On August 30, the Turkish-sponsored Syrian Islamic Council — a group of 128 religious clerics that aims to unite Syria’s moderate religious authority — called on rebel forces to form a “national army” under the auspices of the provisional government, exiled in Gaziantep, Turkey (Syrian Islamic Council, August 30).

In mid-September 2017, the provisional government heeded that call with the participation of dozens of FSA groups and key non-FSA, such as AAS and Jaysh al-Islam (Orient News, September 13). The inclusion of AAS marks a shift away from the group’s prior rejection of various rebel unity initiatives and has, in unprecedented fashion, created a unified front that opposes both al-Assad and HTS.

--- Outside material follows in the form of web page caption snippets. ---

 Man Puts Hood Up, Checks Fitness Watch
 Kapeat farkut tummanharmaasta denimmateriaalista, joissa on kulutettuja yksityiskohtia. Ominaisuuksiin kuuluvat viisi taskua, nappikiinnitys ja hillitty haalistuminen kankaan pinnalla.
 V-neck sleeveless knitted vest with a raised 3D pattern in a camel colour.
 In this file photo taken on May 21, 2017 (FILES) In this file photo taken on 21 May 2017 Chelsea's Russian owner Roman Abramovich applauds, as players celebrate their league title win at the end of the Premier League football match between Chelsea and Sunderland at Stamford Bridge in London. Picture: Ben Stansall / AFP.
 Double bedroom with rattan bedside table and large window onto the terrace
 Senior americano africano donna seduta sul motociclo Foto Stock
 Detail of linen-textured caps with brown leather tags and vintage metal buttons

However, the extent to which this new force can tip the scales in their favor is questionable given HTS’ military, political and economic presence in Idlib province. HTS boasts the most fighters, an increasingly interventionist civil administration and control over the region’s border crossings and major towns. It is highly unlikely that HTS will moderate its opinion toward dealing with international actors, and even if it did, the international community would be hard pressed to treat HTS as a legitimate actor. Military intervention by Turkey could pose a threat to the group. However, that would face opposition from Russia and al-Assad as neither would desire another Turkish-controlled enclave so close to its coastal stronghold in Latakia province.

Future Prospects and U.S. Policy

Ongoing challenges such as dealing with NDZM, stemming internal discord and monopolizing civilian affairs will continue widening the cracks in HTS’ armor, but these are unlikely to topple its deeply-entrenched authority. With the lack of a unified coalition strong enough to dislodge it and only the remotest prospect of Turkish intervention, HTS is likely to continue its dominance in Idlib province.

While the U.S. and Coalition have made aggressive strides in degrading IS in the east, HTS is taking advantage of being a lower priority to build its safe haven and shore up jihadist support.

Central to preventing this is identifying new local partners, which may require collaborating with Turkey politically and diplomatically. Doing so may include walking back on some commitments to the Kurds, but ultimately will align with the U.S. national security goal of preventing a jihadist stronghold in Syria.